Pytorch dataloaders : Bad file descriptor and EOF for workers>0

Question:

Description of the problem

I am encountering a strange behavior during a neural network training with Pytorch dataloaders made from a custom dataset. The dataloaders are set with workers=4, pin_memory=False.

Most of the time, the training finished with no problems.
Sometimes, the training stopped at a random moment with the following errors:

  1. OSError: [Errno 9] Bad file descriptor
  2. EOFError

It looks like the error occurs during socket creation to access dataloader elements.
The error disappears when I set the number of workers to 0, but I need to accelerate my training with multiprocessing.
What could be the source of the error ? Thank you !
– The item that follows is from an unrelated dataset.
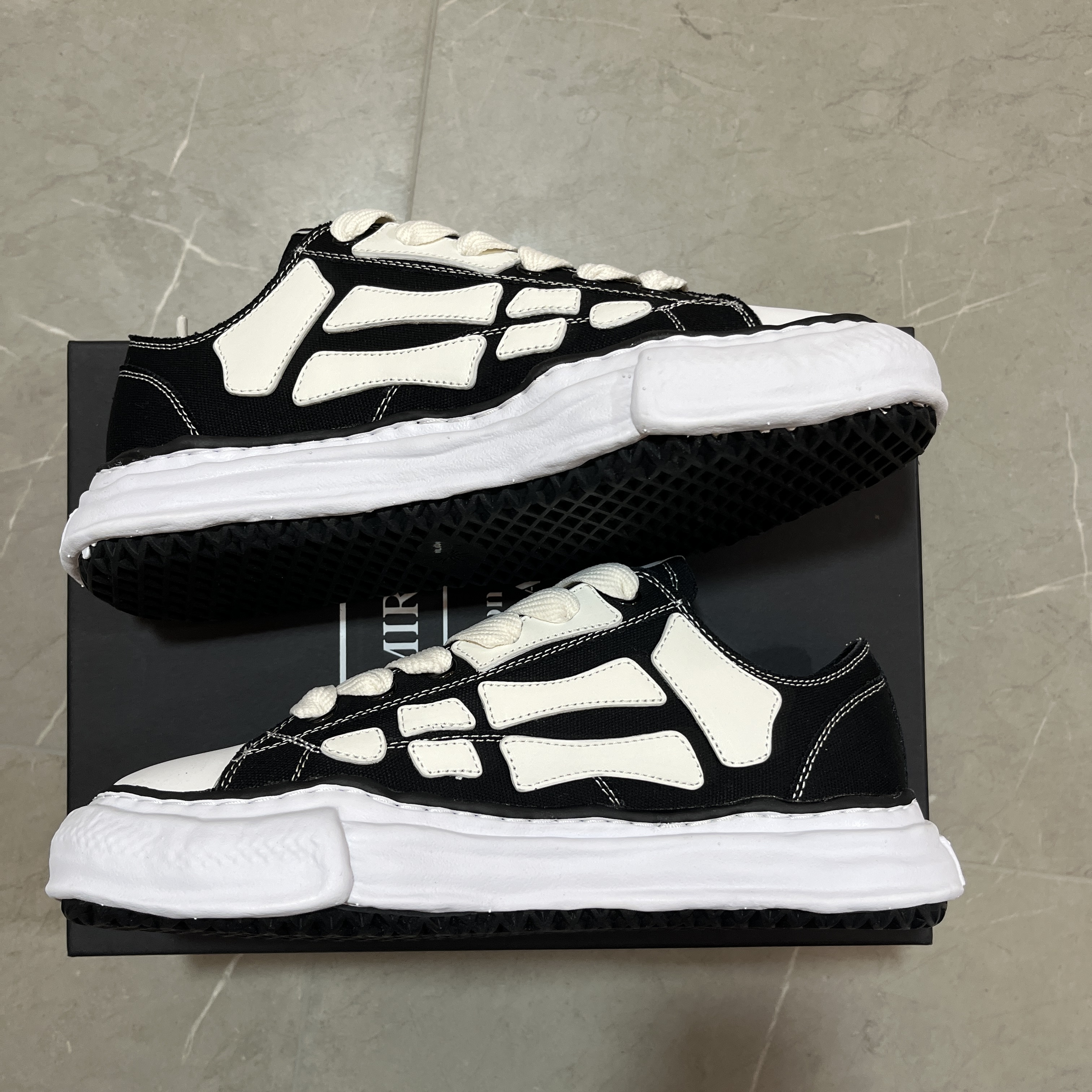 AMIRI MMY Bones × Maison MIHARA YASUHIRO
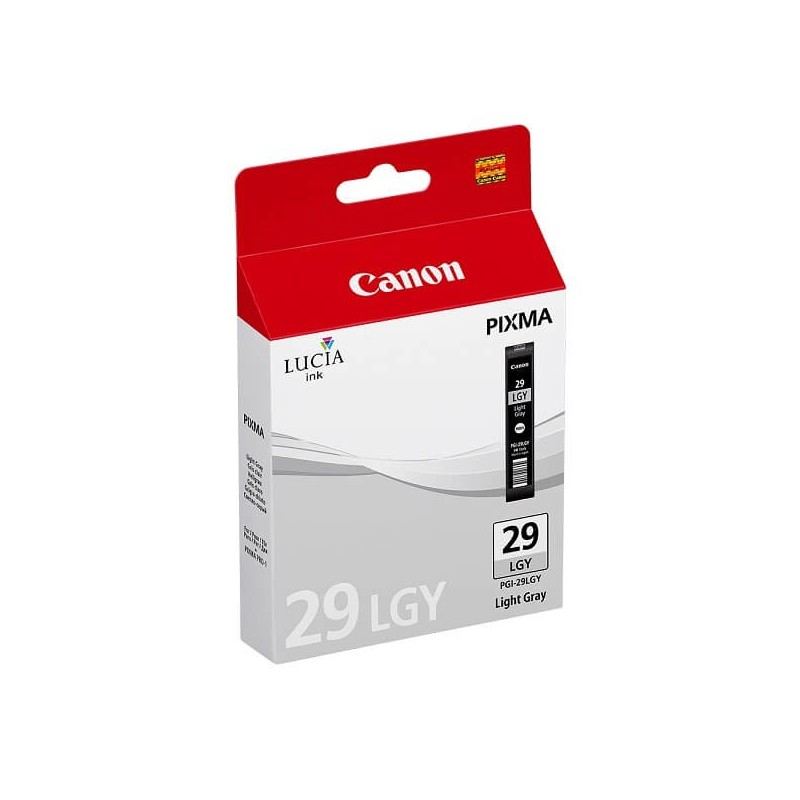 Cartuccia Originale Canon 4872B001 PGI29LGY 36ml 1320 Pagine LGY Light Grey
The versions of python and libraries

Python 3.9.12, Pyorch 1.11.0+cu102
EDIT: The error is occurring only on clusters

Output of error file

Traceback (most recent call last):
  File "/my_directory/.conda/envs/geoseg/lib/python3.9/multiprocessing/resource_sharer.py", line 145, in _serve
Epoch 17:  52%|█████▏    | 253/486 [01:00<00:55,  4.18it/s, loss=1.73]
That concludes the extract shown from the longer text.